Friday, September 2, 2011

Andy & Me

I have had two blogs in my short life as a writer and both of them have been, in many ways, SORT of a failure--actually, those micro literary  moments were a failures as failures go because the six or seven people who actually read them loudly applauded and reacted accordingly to my posted thoughts.

I should have moved forward in my newly found blogging career but as luck would have it, i was employed in a dead end job hawking paternity testing in an over saturated market for a company who felt that blogging was for train modeling and recipes.

To say that I actually understood the true power of a blog or that i could actually understand its potential would be like saying that I understood the internal workings of a soft furry puppy.

Puppies I love but have never analyzed.

So one day I stumbled in my kitchen, hit my head, crashed into the open dishwasher, bounced off of this stainless steel monster and landed both unceremoniously and unconsciously onto the linoleum floor surrounded by bits of mortally shattered ceramics and pieces of Davy Jones' silverware--dead and on the floor.

I awoke and with head aching and bleeding from being cut up by my wife's china rolled over to the side, hoisted my self up and steadied---well you would have thought i would have cleaned up the mess, surveyed the damage to the dishwasher and maybe applied a band aid or two but i bee lined straight to my computer, to my blog, "The Mighty Magpie" and i made it as positive and as upbeat as I possibly could and like I always do, i made my post in the form of a story--kind of like the way that Andy Griffith would tell one of his corn-poned stories of North Carolina life or his takes on literature.

The point of what i am writing?

The POWER of the blog--i got a lot of response from friends who thought i needed to be heading to the hospital--they were not interested in the writing so much as they were in the aftermath of what i had written so dear friends---watch what you write because others watch what you write.

From my take on this class, blogging is sort of a Socratic dialect that goes on between the writer and the potential of the rest of the world.

The difference is that, unlike the times of the ancient Greeks where great minds came together to discuss and argue great ideas of the day, a blogger can expect an in-pouring of great and little minds to weigh in on the same subjects:  a true democracy.

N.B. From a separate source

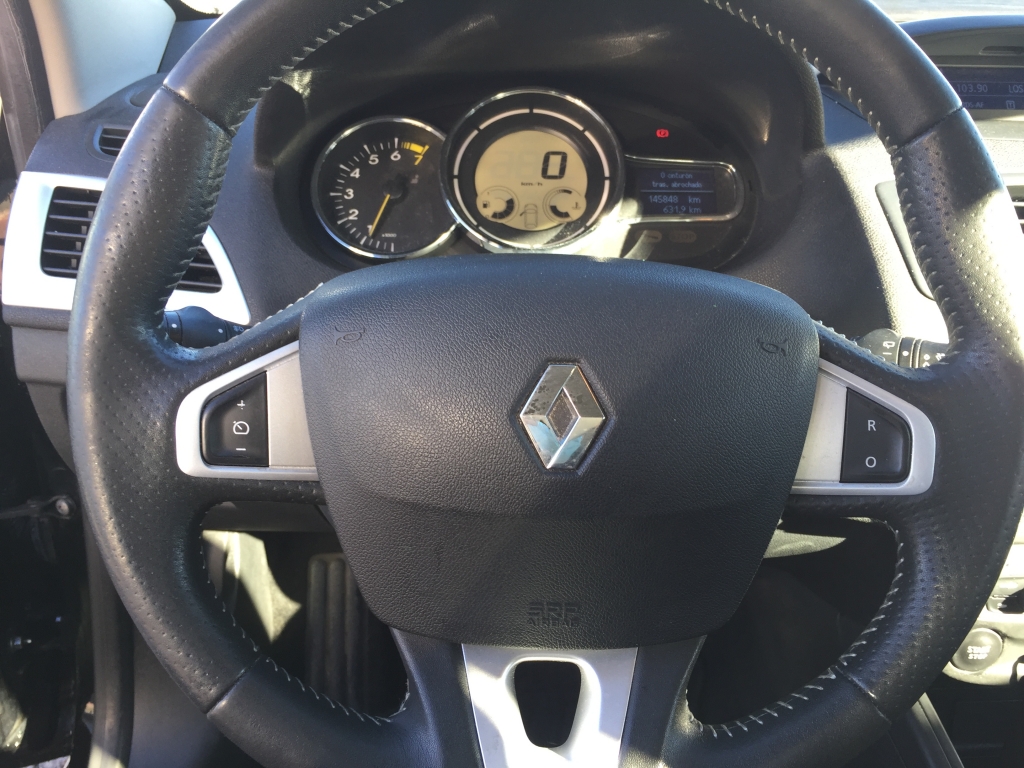 RENAULT MEGANE SPORT TOURER 1.2 INY 115CV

With blogs and this is my take on them after reading the class material is that they represent the mind and experience of the reader and the consequence of world wide response--'cause, everyone has at least two cents worth of comment.

I poured over the assignments and writing and style aside, my biggest beef with blogging is the ability to navigate the set ups of a blog.

In real life, i am a meat and potatoes sort of guy ( I literally love meat and potatoes) and I guess i am the same in the blogsphere--i want simple navigation and clean and easy editing tools--to me, blogs still have a lot to work to do on in that arena BUT

to summarize my feelings toward blogs:

I write, I exist and therefore I am.